• The Four Hundred
  • Subscribe
  • Media Kit
  • Contributors
  • About Us
  • Contact
Menu
  • The Four Hundred
  • Subscribe
  • Media Kit
  • Contributors
  • About Us
  • Contact
  • Guru: IBM i Save File Compression Options

    April 1, 2019 Michael Sansoterra

    As I finished populating some test tables with a large volume of data on a small and transient IBM i partition in the cloud, I thought life was good. But my countenance fell as I realized the tables plus OS hogged over 70 percent of the disk space. I wondered how to get all the data into a single save file for safe keeping.

    The buzzer in my mind was loud and clear: it ain’t gonna work, you don’t have enough room. As I loathed the thought of using multiple save files to save my test data, I remembered that most save file commands have a data compression (DTACPR) parameter. I never used it so I decided to try it with Save Library (SAVLIB) to see how well it worked. I executed SAVLIB with DTACPR(*HIGH) and I was pleased that the compression was good enough to let me save the entire test library with about 7 percent storage to spare on the system.

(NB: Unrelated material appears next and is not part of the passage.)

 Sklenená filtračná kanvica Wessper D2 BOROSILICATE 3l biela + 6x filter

    IBM offers three compression options (*LOW, *MEDIUM and *HIGH) and shown below is how IBM’s documentation describes each option (the emphasis is mine):

    • *NO — No data compression is performed.
    • *YES — If the save is to tape and the target device supports compression, hardware compression is performed. If compression is not supported, or if the save data is written to optical media or to a save file, software compression is performed. Low software compression is used for all devices except optical DVD, which uses medium software compression.
    • *LOW — If the save operation is to a save file or optical, software data compression is performed with the SNA algorithm. Low compression is usually faster and the compressed data is usually larger than if medium or high compression is used.
    • *MEDIUM — If the save operation is to a save file or optical, software data compression is performed with the TERSE algorithm. Medium compression is usually slower than low compression but faster than high compression. The compressed data is usually smaller than if low compression is used and larger than if high compression is used.
    • *HIGH — If the save operation is to a save file or optical, software data compression is performed with the LZ1 algorithm. High compression is usually slower and the compressed data is usually smaller than if low or medium compression is used.

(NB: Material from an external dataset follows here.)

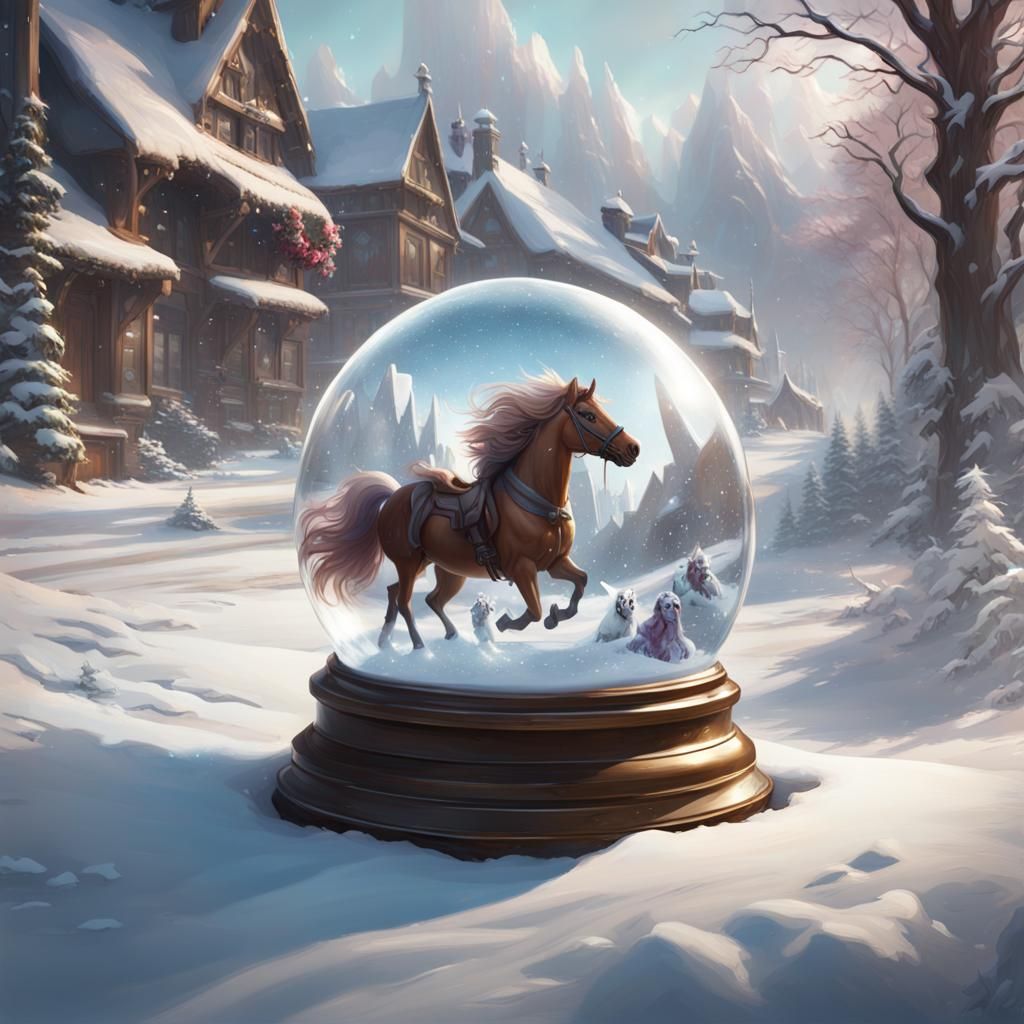 Ponies Pulling Siege in Snow Globe, Detailed Digital Art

    These are all older compression algorithms, and I had only heard of LZ1.

    I decided to go back and compare the available compression options. I used the save object (SAVOBJ) command to save an 8GB CUSTOMER table into a save file as follows:

    SAVOBJ OBJ(CUSTOMER)
           LIB(MYDATA)
           DEV(*SAVF)
           OBJTYPE(*FILE)
           SAVF(QGPL/MYSAVF)
           CLEAR(*REPLACE)
           DTACPR(*NO)
    

    I cleared and re-used the same save file (SAVF) with each test. The results are shown in the table below with the variations of the data compression option:

    DTACPR Option Avg CPU % Utilization SAVOBJ Duration SAVF size (bytes) % of Original Size
    *NO 4% 5:41 8774656000
    *HIGH 40% 13:11 5687762944 64.8%
    *MEDIUM 33% 10:46 5701132288 65.0%
    *LOW 14% 3:42 6383755264 72.8%

    This test was done on a Power9 cloud partition running IBM i 7.3 with two vCPUs, 4GB of RAM and 200GB of disk.

    The average CPU% utilization in the chart isn’t a high precision metric, it was basically me eye-balling the work with system activity (WRKSYSACT) command and watching the average CPU utilization over time. Even though the system wasn’t doing much besides these save tests, there is still some CPU cost to run everything. This machine varied between .5 percent and 1.5 percent while “idle”. The majority of the CPU was definitely due to the compression operation.

    The chart demonstrates that it can be quite expensive in terms of CPU to request *HIGH or *MEDIUM compression levels, though admittedly this machine only had 2 vCPUs. Even so, you certainly would want to make sure your system has enough CPU capacity before running a save command (SAVnnn) with one of these compression options.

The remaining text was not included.